NASA’s Fermi Telescope has revealed new details about the brightest of all time gamma-ray burst which may help explain these extreme and mysterious cosmic events.
Gamma-ray bursts (GRBs) usually last less than a second. They originate from the dense remains of a dead giant star’s core, called a neutron star. But what causes neutron stars to release huge amounts of energy in the form of gamma radiation is still a mystery.
In October 2022, astronomers detected the largest gamma-ray burst ever seen – GRB 221009A. It came from a supernova about 2.4 billion light years away. The event had an intensity at least 10 times greater than any other GRB detected. It was dubbed the BOAT, for brightest of all time.

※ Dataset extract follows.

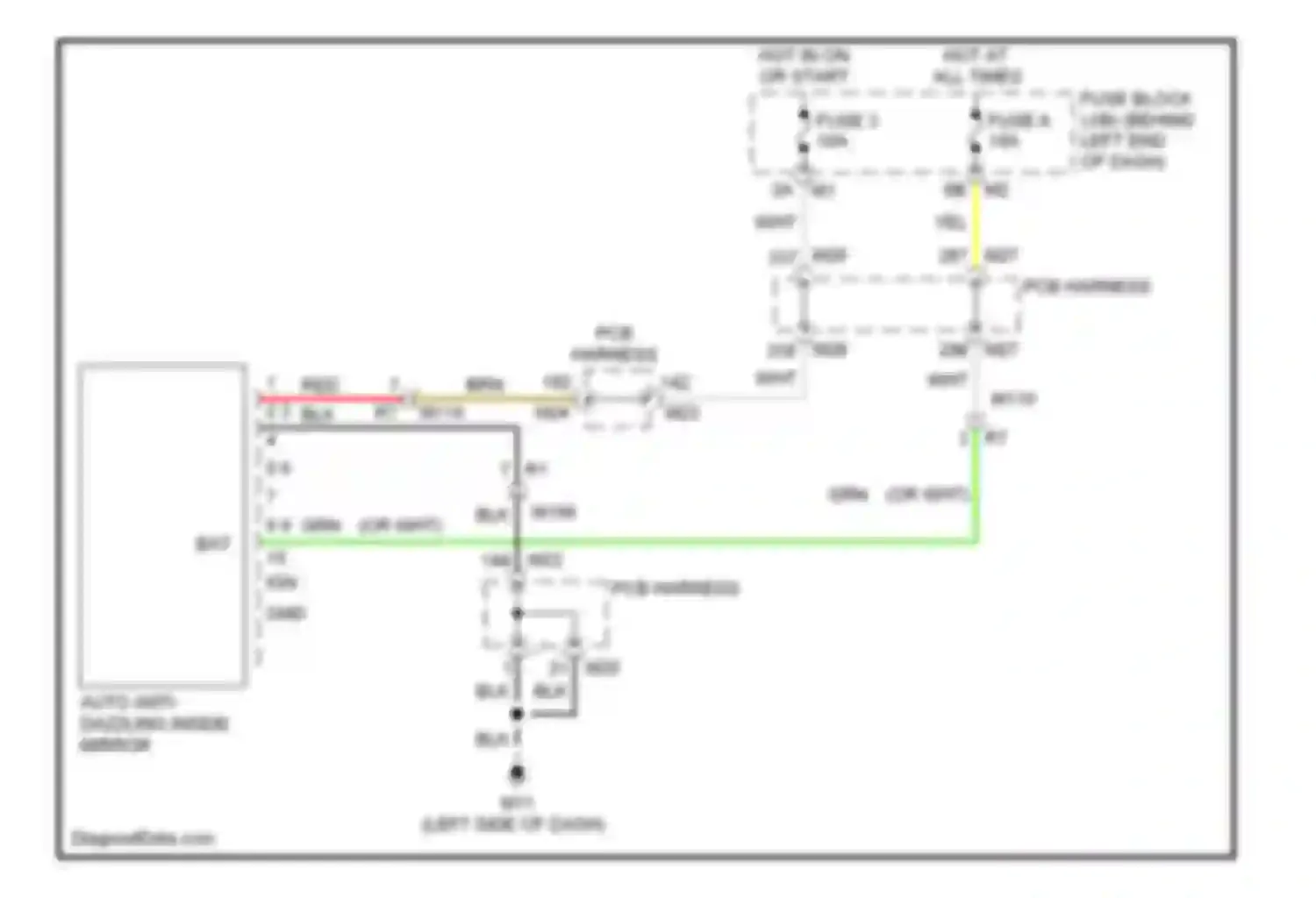 M56 Infiniti IV (2010-2013): Power mirrors circuit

Now, analysis of the data from that event has revealed the first emission line which can be confidently identified in 50 years of studying GRBs.

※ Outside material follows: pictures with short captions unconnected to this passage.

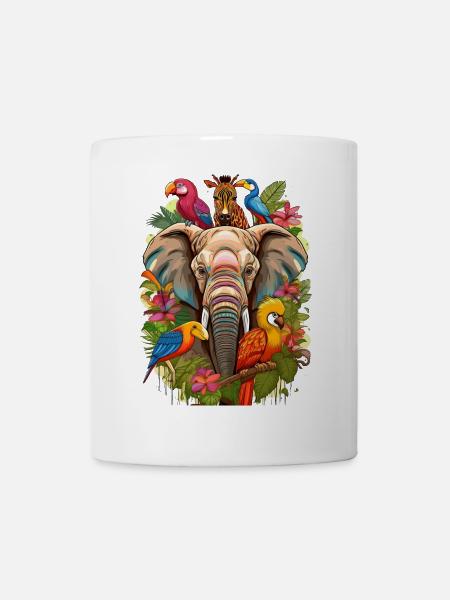 Illustration afrikanischer Tiere - Tasse - Weiß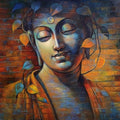 Buddha' religious acrylic painting by artist Sanjay Lokhande, 48x48 inch, on canvas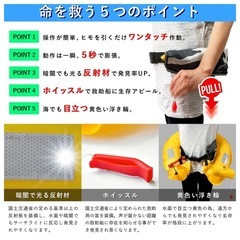 ライフジャケット 手動/自動膨張式 ベルトタイプ CE認証取得済の画像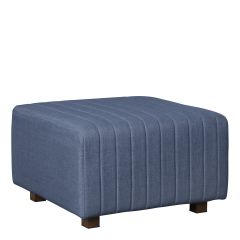 Beverly Square Ottoman, Ocean Blue Fabric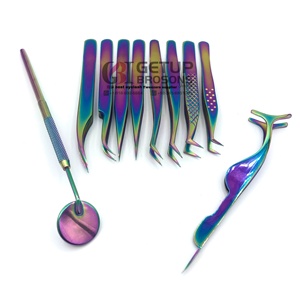 Pince à épiler GETUP BROSONS IMPEX de haute qualité, antistatique, durable, en acier inoxydable, pour extensions de cils, pointe dentelée, miroir arc-en-ciel - Product Image 1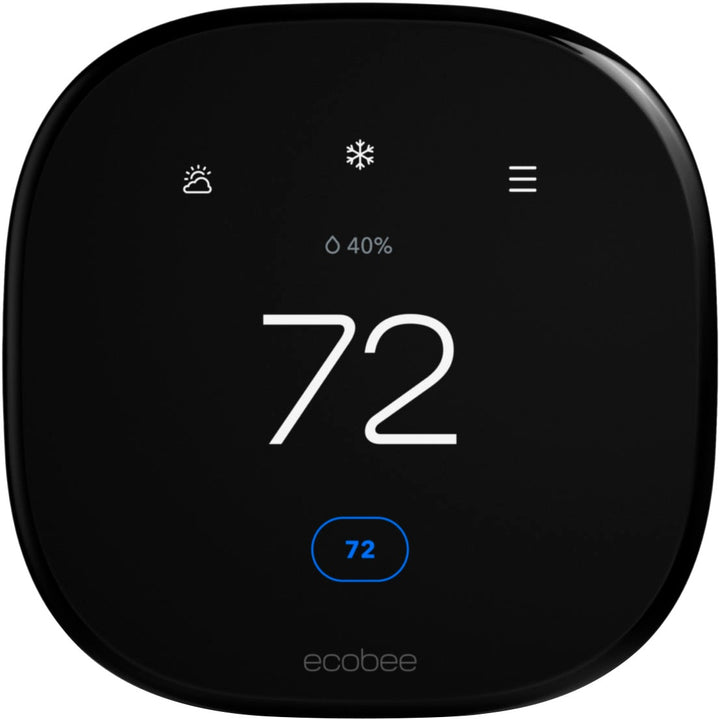 ecobee - Enhanced Smart Programmable Touch-Screen Wi-Fi Thermostat with Alexa, Apple HomeKit and Google Assistant - Black_0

The new analysis is published in Science.
Emission lines are created when matter interacts with light. Energy from the light is absorbed and reemitted in ways characteristic to the chemical make up of the matter which is interacting with it.

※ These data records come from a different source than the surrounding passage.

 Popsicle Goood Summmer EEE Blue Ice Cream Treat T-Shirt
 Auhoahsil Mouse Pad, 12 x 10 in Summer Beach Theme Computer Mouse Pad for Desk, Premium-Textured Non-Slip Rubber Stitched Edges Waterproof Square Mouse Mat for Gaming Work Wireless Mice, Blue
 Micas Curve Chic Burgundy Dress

When the light reaches Earth and is spread out like a rainbow in a spectrum, the absorption and emission lines appear. Emission lines appear as dimmer or even black lines in the spectrum, whereas emission lines are brighter features.
At higher energies, these features in the spectrum can reveal processes between subatomic particles such as matter and anti-matter annihilation which can produces gamma rays.
“While some previous studies have reported possible evidence for absorption and emission features in other GRBs, subsequent scrutiny revealed that all of these could just be statistical fluctuations,” says coauthor Om Sharan Salafia at the Italian National Institute of Astrophysics Brera Observatory in Milan. “What we see in the BOAT is different.”
The emission line appeared almost 5 minutes after the burst was detected. It lasted about 40 seconds.
It peaked at 12 million electron volts of energy – millions of times more energetic than light in the visible spectrum.
The astronomers believe the emission line was caused by the annihilation of electrons and their anti-matter counterparts, positrons. If their interpretation is correct, it means the particles would have to have been moving toward Earth at 99.9% the speed of light.
“After decades of studying these incredible cosmic explosions, we still don’t understand the details of how these jets work,” says Elizabeth Hays, Fermi project scientist at NASA’s Goddard Space Flight Center in the US. “Finding clues like this remarkable emission line will help scientists investigate this extreme environment more deeply.”